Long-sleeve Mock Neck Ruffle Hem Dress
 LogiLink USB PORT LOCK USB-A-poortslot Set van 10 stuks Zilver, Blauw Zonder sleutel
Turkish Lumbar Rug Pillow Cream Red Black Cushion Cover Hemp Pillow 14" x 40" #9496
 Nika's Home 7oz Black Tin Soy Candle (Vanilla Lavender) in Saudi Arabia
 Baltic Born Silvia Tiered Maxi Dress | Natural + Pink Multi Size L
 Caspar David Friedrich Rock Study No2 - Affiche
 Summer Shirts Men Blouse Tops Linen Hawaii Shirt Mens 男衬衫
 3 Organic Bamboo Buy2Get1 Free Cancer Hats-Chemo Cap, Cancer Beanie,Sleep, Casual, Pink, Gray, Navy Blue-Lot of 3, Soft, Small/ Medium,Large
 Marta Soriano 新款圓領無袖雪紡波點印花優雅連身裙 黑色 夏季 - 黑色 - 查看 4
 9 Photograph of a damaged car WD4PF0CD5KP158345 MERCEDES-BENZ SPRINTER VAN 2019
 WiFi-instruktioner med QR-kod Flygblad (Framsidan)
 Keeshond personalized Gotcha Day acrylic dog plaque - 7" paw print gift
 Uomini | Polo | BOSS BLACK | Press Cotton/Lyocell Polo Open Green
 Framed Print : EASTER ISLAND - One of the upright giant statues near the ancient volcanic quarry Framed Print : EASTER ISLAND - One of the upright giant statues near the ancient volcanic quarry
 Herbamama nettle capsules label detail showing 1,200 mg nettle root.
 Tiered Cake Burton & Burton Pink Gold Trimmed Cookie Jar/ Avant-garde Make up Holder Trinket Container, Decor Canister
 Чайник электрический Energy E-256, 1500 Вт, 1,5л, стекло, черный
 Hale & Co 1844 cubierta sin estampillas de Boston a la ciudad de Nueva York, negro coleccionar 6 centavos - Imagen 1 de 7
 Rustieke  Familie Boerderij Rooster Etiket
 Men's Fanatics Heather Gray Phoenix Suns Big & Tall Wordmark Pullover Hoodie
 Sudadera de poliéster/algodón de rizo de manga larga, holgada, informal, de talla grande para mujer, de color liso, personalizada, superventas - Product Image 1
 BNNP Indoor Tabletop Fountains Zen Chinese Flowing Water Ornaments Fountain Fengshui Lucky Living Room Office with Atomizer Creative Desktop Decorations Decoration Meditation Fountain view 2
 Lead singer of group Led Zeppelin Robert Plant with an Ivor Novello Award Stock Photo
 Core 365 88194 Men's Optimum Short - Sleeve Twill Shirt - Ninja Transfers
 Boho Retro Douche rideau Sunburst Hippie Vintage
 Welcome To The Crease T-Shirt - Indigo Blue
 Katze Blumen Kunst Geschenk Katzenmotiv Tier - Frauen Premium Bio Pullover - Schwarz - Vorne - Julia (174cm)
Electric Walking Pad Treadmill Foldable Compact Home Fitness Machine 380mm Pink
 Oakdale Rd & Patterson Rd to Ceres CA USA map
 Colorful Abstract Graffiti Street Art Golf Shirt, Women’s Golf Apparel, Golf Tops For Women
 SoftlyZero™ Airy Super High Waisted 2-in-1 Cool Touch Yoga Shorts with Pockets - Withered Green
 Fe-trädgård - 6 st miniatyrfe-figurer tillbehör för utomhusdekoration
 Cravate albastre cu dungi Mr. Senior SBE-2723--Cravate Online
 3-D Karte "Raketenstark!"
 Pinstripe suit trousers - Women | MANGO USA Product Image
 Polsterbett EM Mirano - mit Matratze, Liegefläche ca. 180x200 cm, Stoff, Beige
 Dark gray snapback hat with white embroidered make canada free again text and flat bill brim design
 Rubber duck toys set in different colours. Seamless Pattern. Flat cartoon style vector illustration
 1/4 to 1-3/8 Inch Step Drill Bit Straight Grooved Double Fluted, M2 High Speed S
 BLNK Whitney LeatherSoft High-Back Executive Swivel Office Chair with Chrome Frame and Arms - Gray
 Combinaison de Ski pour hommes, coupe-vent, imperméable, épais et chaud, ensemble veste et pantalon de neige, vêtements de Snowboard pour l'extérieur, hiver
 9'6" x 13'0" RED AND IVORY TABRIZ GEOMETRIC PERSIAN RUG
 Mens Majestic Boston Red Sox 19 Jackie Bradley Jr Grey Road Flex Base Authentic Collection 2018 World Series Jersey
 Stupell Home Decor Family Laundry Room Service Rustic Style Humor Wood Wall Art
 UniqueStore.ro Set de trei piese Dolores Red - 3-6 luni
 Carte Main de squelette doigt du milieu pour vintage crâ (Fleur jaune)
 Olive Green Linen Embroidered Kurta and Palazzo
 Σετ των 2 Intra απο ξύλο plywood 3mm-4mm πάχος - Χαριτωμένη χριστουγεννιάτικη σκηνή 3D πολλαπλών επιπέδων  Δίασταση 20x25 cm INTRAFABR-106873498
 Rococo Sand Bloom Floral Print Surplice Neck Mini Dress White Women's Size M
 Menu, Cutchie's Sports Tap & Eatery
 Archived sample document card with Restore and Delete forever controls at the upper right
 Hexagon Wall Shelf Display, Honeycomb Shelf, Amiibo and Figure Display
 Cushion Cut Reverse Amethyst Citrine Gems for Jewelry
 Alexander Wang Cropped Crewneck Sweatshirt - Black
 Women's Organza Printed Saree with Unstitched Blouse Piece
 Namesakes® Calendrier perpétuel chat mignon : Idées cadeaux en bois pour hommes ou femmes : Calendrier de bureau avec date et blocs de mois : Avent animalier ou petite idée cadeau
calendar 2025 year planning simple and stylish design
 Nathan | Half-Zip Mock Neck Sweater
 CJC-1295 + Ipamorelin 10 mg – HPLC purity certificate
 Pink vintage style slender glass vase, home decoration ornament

..............................

What to work on:
From the line that holds "calendar 2025 year" down to the last line of the material, copy every line exactly and add nothing.

Your solution:
calendar 2025 year planning simple and stylish design
 Nathan | Half-Zip Mock Neck Sweater
 CJC-1295 + Ipamorelin 10 mg – HPLC purity certificate
 Pink vintage style slender glass vase, home decoration ornament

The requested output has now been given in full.